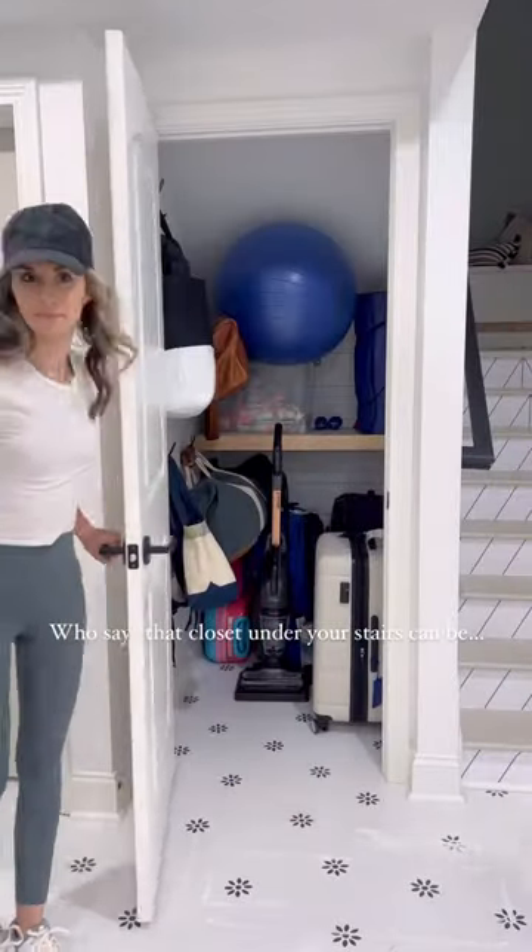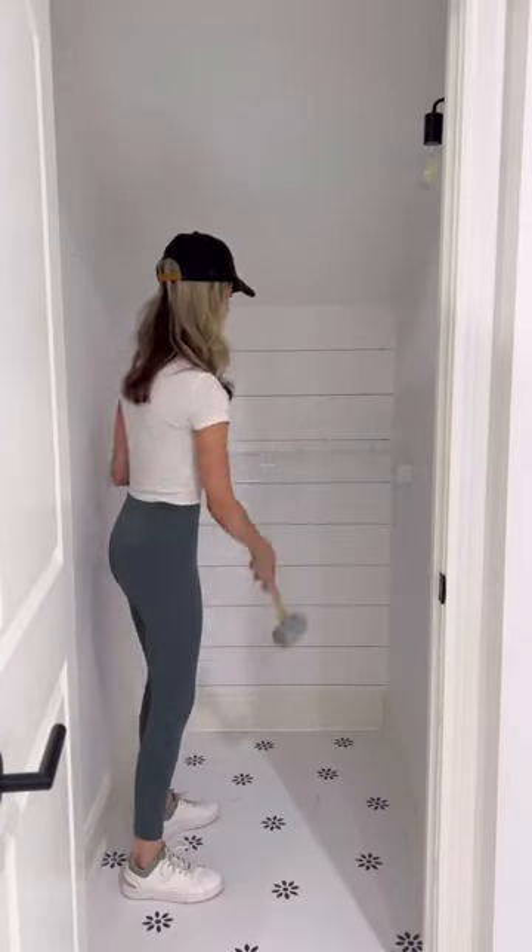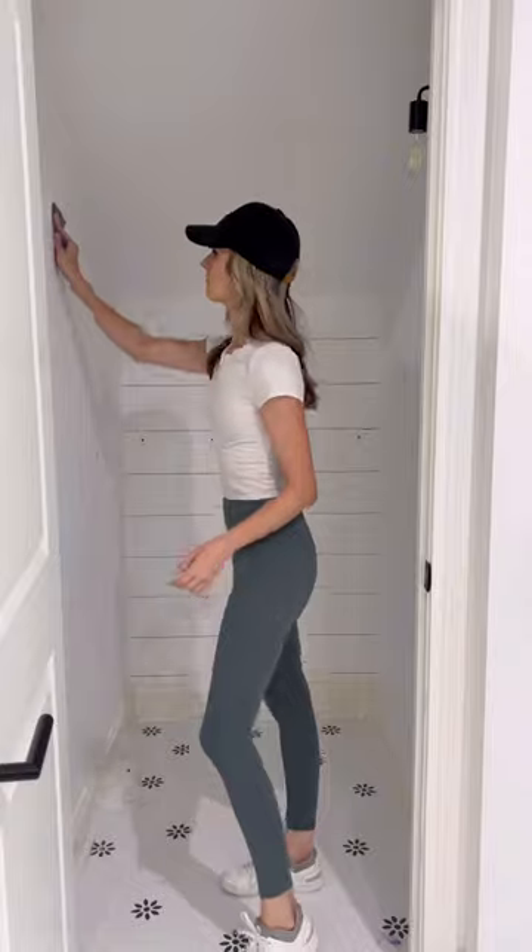Who says that closet under your stairs can't be both fun and functional? This was the very last closet in our house that still had wire shelving — and by wire shelving I mean it had this one teeny tiny shelf here in the back. This can be way better.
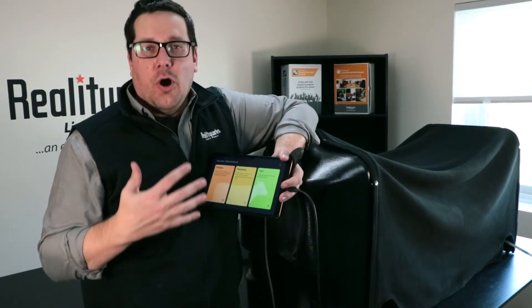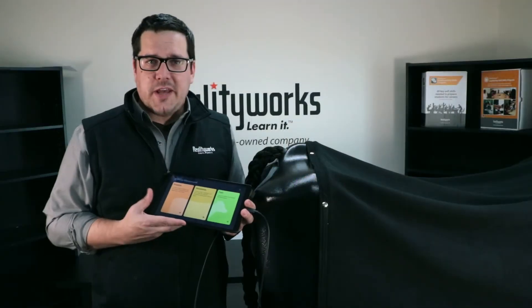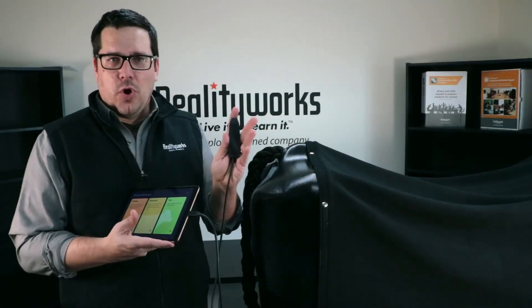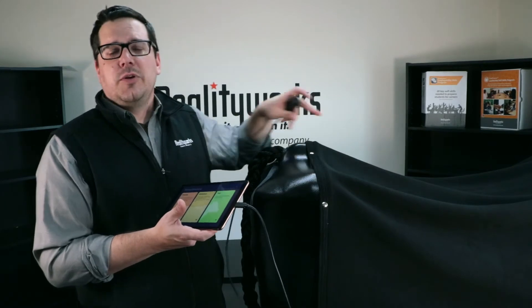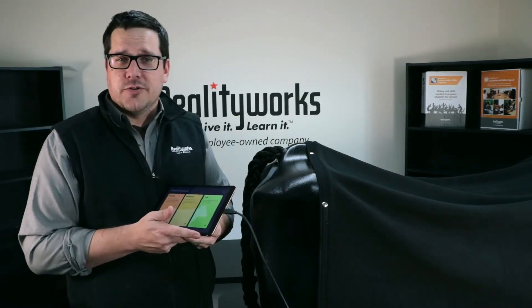We're going to talk about the ultrasound side of the bovine birthing and ultrasound simulator. It comes with a tablet and also has a probe. Inside there are sensors allowing you to go inside, probe, and show different features of ultrasound.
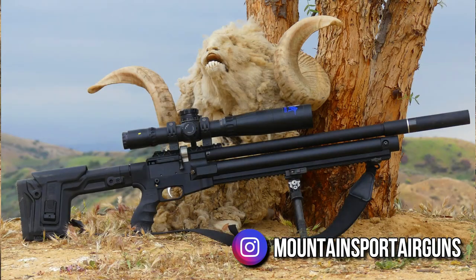Hey guys, Marley and I are up in the mountains. We're filming for a few different projects. We're going to be up here for a couple days and I thought I'd put together a short little video for you guys just to give you some tips on getting some photos of your air guns or really anything in general.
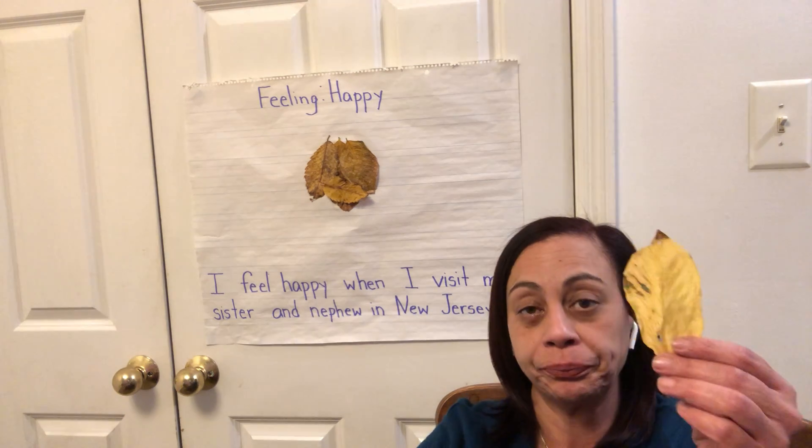And today, friends, our learning target is: I can identify when I'm happy. So today, you're going to go, if you can, with your mom or your dad or grandma. You're going to go outside and see if you can collect some leaves. I collected some leaves — I collected some leaves.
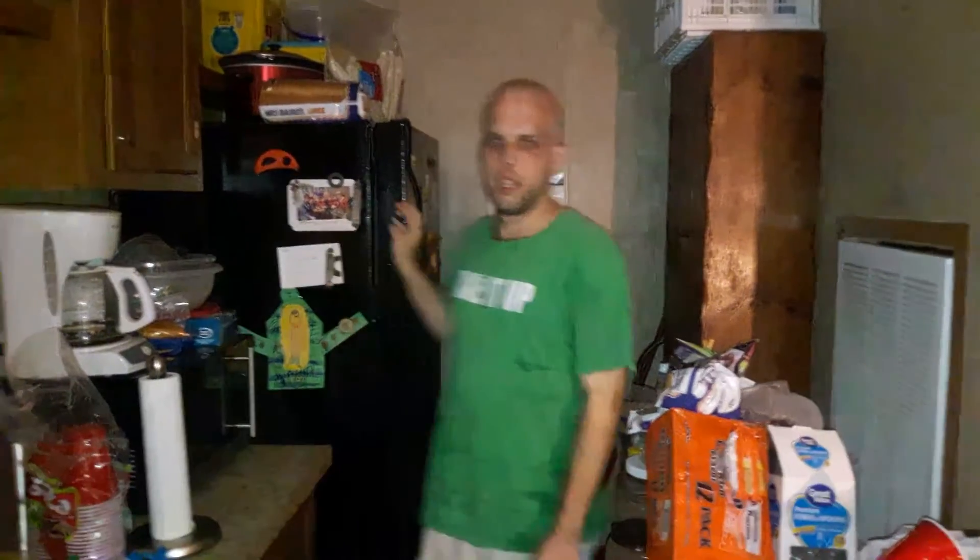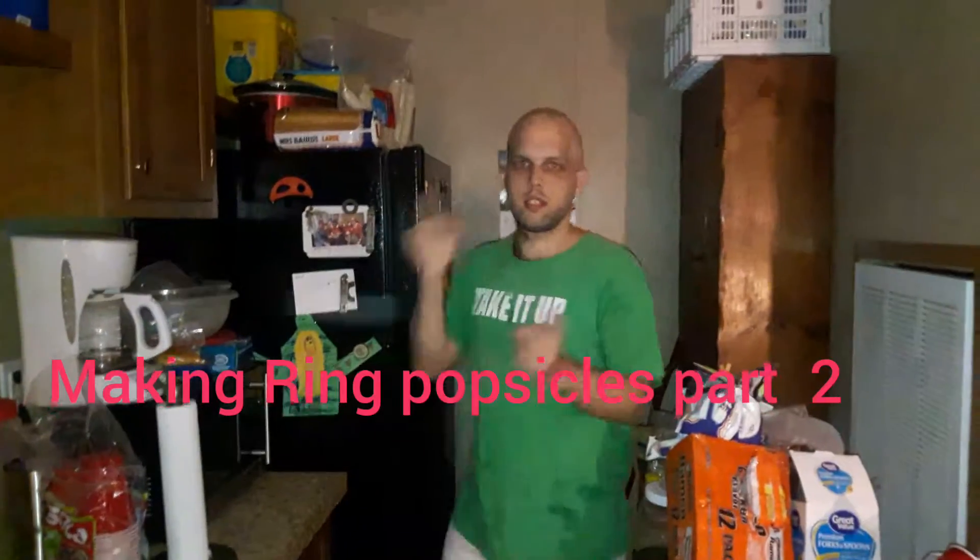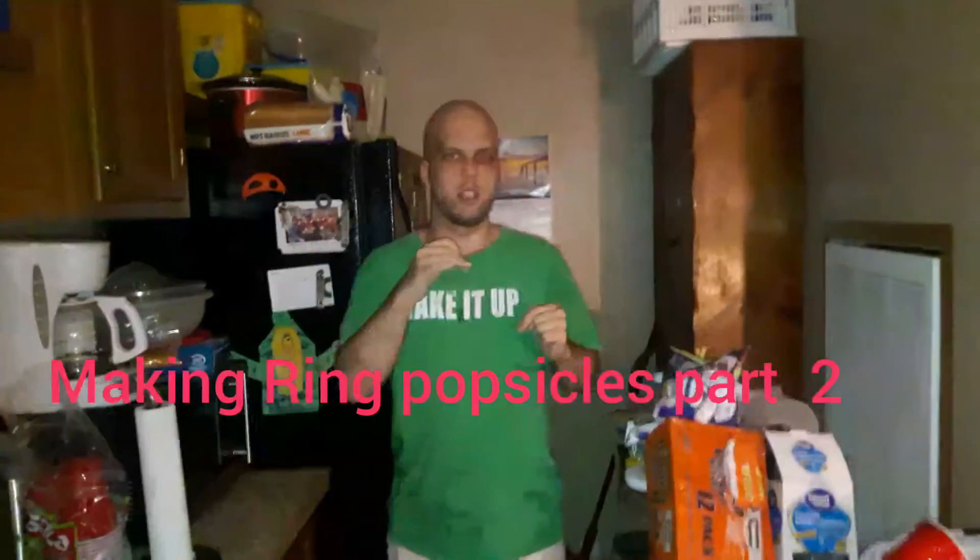Hi guys, I'm Katie and we're back for part 2 on Making Ring Popsicles. Since yesterday we showed you how to do the stuff — see that in Part 1 on the next video, no spoilers — but if you stayed for that finger out, you'll get to see part 2.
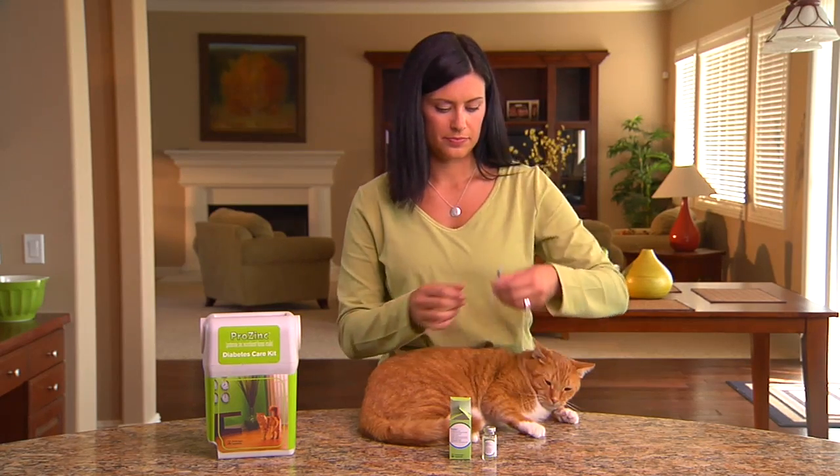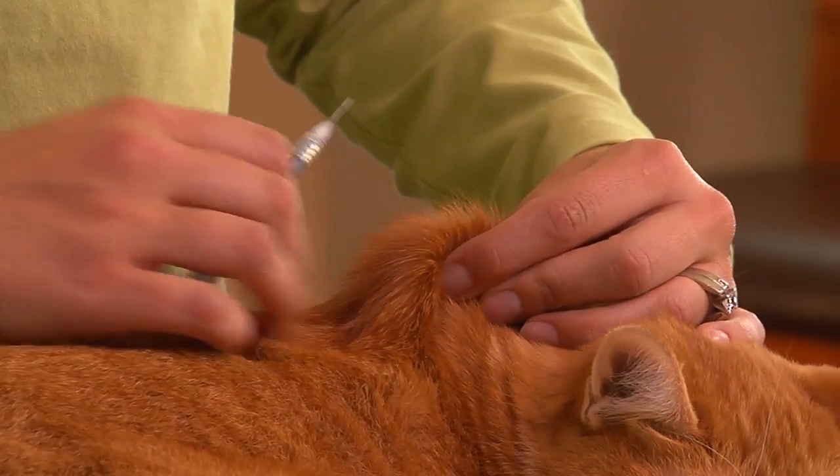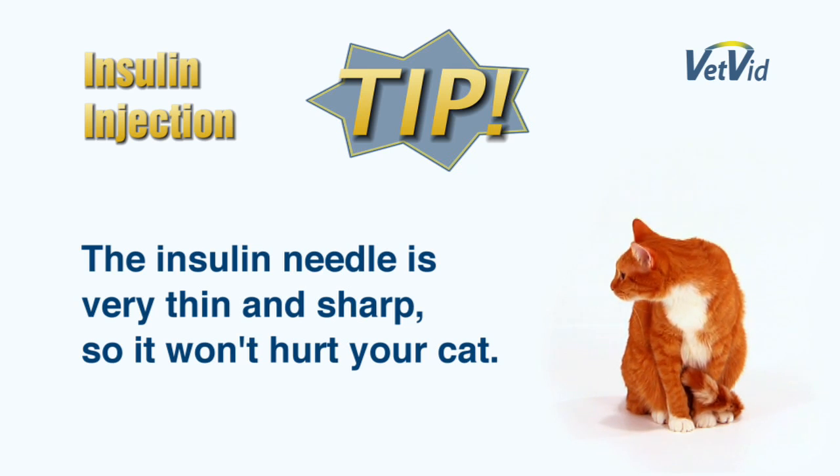While you're petting your cat, gently pull up a fold of skin at the spot you've chosen, like Lisa's doing. Now quickly insert the needle into the fold of skin. The insulin needle is very thin and sharp, so it won't hurt your cat, especially if you insert it quickly.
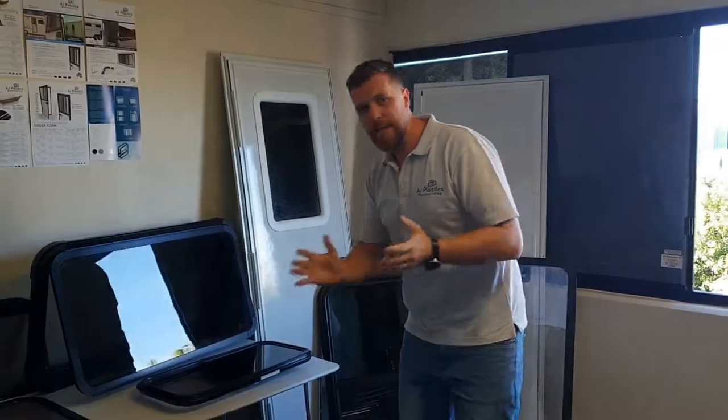So if you're in the market for windows for your caravan, your horse float, your motorhome, your bus, or anything like that, please give us a call or flick us an email.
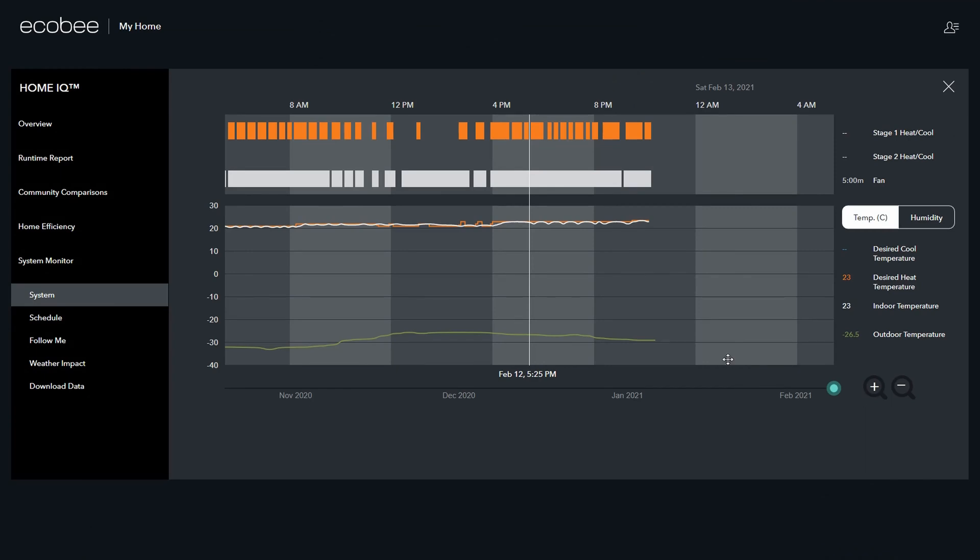The orange bars at the top are every time the furnace cycles, and the white bars are the furnace fan. You can see the furnace has definitely done its job today.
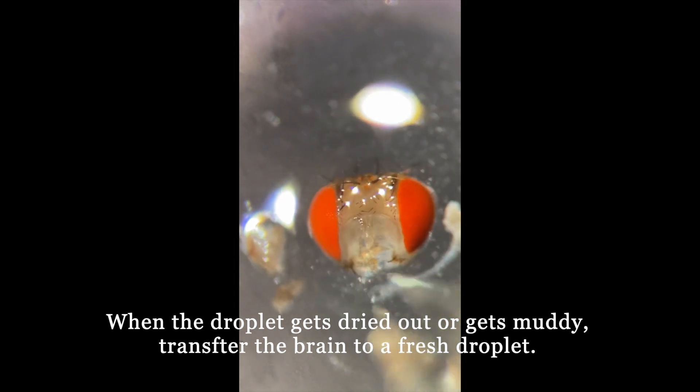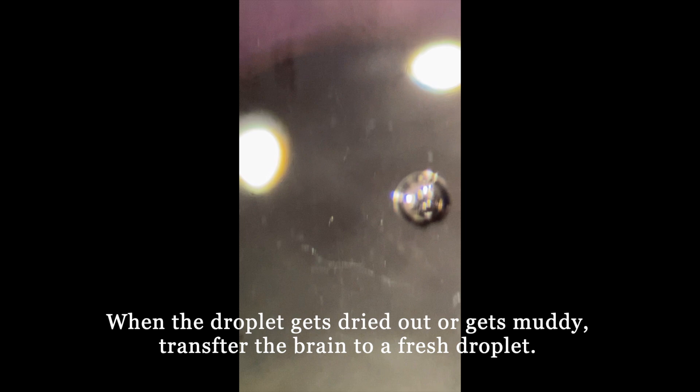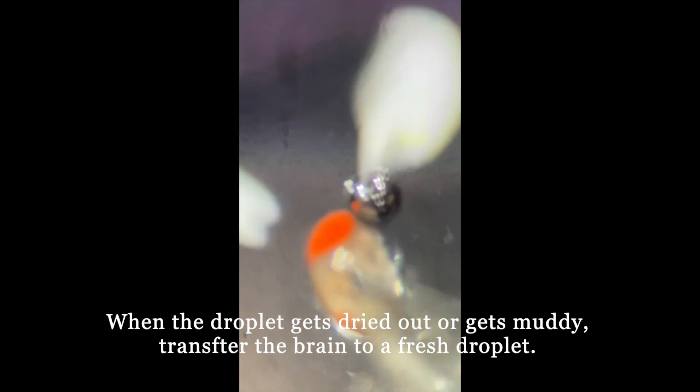Be careful when a droplet gets too dry or gets muddy. Then, we need to transfer the brain into a fresh droplet.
================
→ What needs to be done
Exact copy, pictures excluded: print only the lines from the line containing "While you're petting" through the end of the records.

→ Answer section
While you're petting your cat, gently pull up a fold of skin at the spot you've chosen, like Lisa's doing. Now quickly insert the needle into the fold of skin. The insulin needle is very thin and sharp, so it won't hurt your cat, especially if you insert it quickly.
So if you're in the market for windows for your caravan, your horse float, your motorhome, your bus, or anything like that, please give us a call or flick us an email.
The orange bars at the top are every time the furnace cycles, and the white bars are the furnace fan. You can see the furnace has definitely done its job today.
Be careful when a droplet gets too dry or gets muddy. Then, we need to transfer the brain into a fresh droplet.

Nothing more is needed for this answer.